Function Description
new Initializes a new Pod5File from a path to a pod5 file
footer Returns the footer of a given file
get Returns the read information behind the given read id
iter_reads Iterate efficiently over each read in the file
n_reads Returns the number of reads in the file
path Returns the path it was initialized with
read_ids Returns the read ids contained in the file
run_info Contains metadata that is shared for all reads in the file

The following code snippet shows an example on how to iterate over all reads in a given file, printing the read id and signal for each:

use std::path::PathBuf;
use pod5_reader_api::file::Pod5File;

fn main() {
    let path = PathBuf::from("example_data/remora_example/can_reads.pod5");
    let mut pod5_file = Pod5File::new(&path).unwrap();
    let file_iterator = pod5_file.iter_reads().unwrap();

    for read_res in file_iterator {
        let read = read_res.unwrap();

        let read_id = read.read_id();
        let signal = read.require_signal().unwrap();

        println!("{} | {:?}", read_id, signal);
    }
}

Random access to a specific read is provided via the Pod5File::get function, which tries to retrieve a read by its unique id. The following code snippet show how to access read fbf9c81c-fdb2-4b41-85e1-0a2bd8b5a138 by its id:

use std::{path::PathBuf, str::FromStr};
use pod5_reader_api::file::Pod5File;
use uuid::Uuid;

fn main() {
    let path = PathBuf::from("example_data/remora_example/can_reads.pod5");
    let read_id = Uuid::from_str("fbf9c81c-fdb2-4b41-85e1-0a2bd8b5a138").unwrap();

    let mut pod5_file = Pod5File::new(&path).unwrap();

    let read = pod5_file.get(&read_id).unwrap();
    let read_id_from_read = read.read_id();
    let num_samples = read.require_num_samples().unwrap();
    println!("{} | {} | {}", read_id, read_id_from_read, num_samples);
}

Since both the iter_reads and the get functions rely on a mutable reference to Pod5File, thread-safe access is not given. This is the result of the lazy-loading approach, where the signal of a given read is only read when the read is requested. For multi-threaded access, use Pod5FileThreadSafe.

Pod5FileThreadSafe

The Pod5FileThreadSafe functions like Pod5File with the key difference that it allows for random access to contained reads from multiple threads in parallel. The iter_reads function is the only one that is not implemented here. All other functions are the same.

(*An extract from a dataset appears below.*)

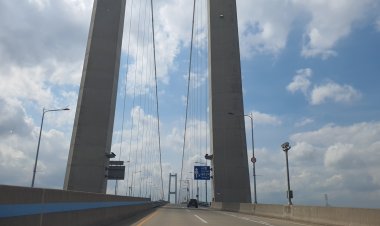 드라마 촬영 울산대교 교통통제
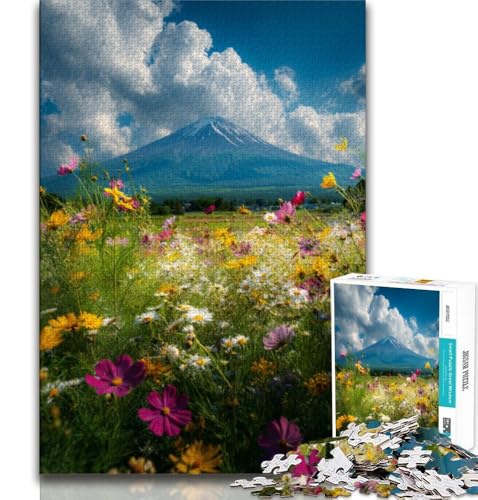 Rompecabezas para Adolescentes de 1000 Piezas del Monte Fuji, Japón Juego Educativo Familiar con Piezas aleatorias Que encajan Perfectamente 38x26cm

The following example shows how Pod5FileThreadSafe can be used to read reads in parallel:

use std::path::PathBuf;
use std::sync::Arc;
use pod5_reader_api::file::Pod5FileThreadSafe;
use rayon::current_thread_index;
use rayon::iter::{IntoParallelRefIterator, ParallelIterator};
use uuid::Uuid;

fn main() {
    let path = PathBuf::from("../example_data/remora_example/can_reads.pod5");
    let n_workers = 4;

    let pod5_file = Arc::new(
        Pod5FileThreadSafe::new(&path, n_workers).unwrap()
    );
    let read_ids: Vec<Uuid> = pod5_file.read_ids().clone();

    read_ids.par_iter().for_each(|read_id| {
        let pod5_file = Arc::clone(&pod5_file);
        let tid = current_thread_index().unwrap();

        let read = pod5_file.get(read_id).unwrap();
        println!(
            "Thread {} processed read {} with {} samples",
            tid,
            read.read_id(),
            read.require_num_samples().unwrap()
        );
    });
}